音声中心である従来のアナログ公衆電話回線網に対して、電話、ファクシミリ、データ通信などの各種情報通信を統合し、1つの通信網で接続できるようにしたもので、「統合デジタル通信網」あるいは「サービス総合デジタル網」とも呼ばれます。 ISDNでは主な情報はデジタル化して送信されるため、コンピュータ通信におけるデジタル情報を、そのまま高速に送受信することができます。 このためインターネットの普及とともに、従来のアナログ公衆回線に代わる新しいコンピュータ通信手段として注目を集めています。 また、ISDNを利用して高速にFAXを送受信することができるG4規格のファクシミリも、企業を中心として次第に普及しつつあり、コンピュータ通信よりも一足先にISDN化が進んでいます。

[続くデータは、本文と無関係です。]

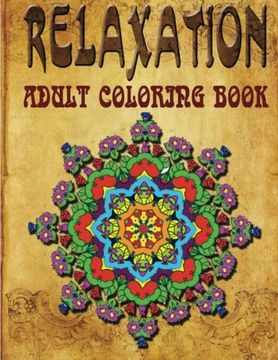 portada Relaxation Adult Coloring Book - Vol.7: adult coloring books (Volume 7)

ISDNサービスとしては、現在のところ、NTTが提供している「INSネット64(Information Network System Net 64、アイエヌエス・ネットロクヨン)」と「INSネット1500」が代表的なものです。 INSネット64は64kbps(キロビット/秒)の通信速度を持つ情報チャネル(Bチャネル)2本と、16kbpsの制御用チャネル(Dチャネル)1本を持ち、同時に複数の相手と通信することができます。 INSネット1500は64kbpsの情報チャネル23本と64kbpsの制御用チャネル1本を持ち、INSネット64が個人向きなのに対し、企業向きに設計されています。 またINSには、基本的に1対1の同期通信(互いに速度を合わせた通信)であり、大量のデータを短時間の間に連続送受信するのに適した回線交換方式のINS-Cと、基本的に1対複数の非同期通信であり、比較的少量のデータが時間的にまばらに発生する場合や、同じデータを複数の相手に同時に送信する場合に適した、パケット交換方式のINS-Pの2つの通信モードがあります。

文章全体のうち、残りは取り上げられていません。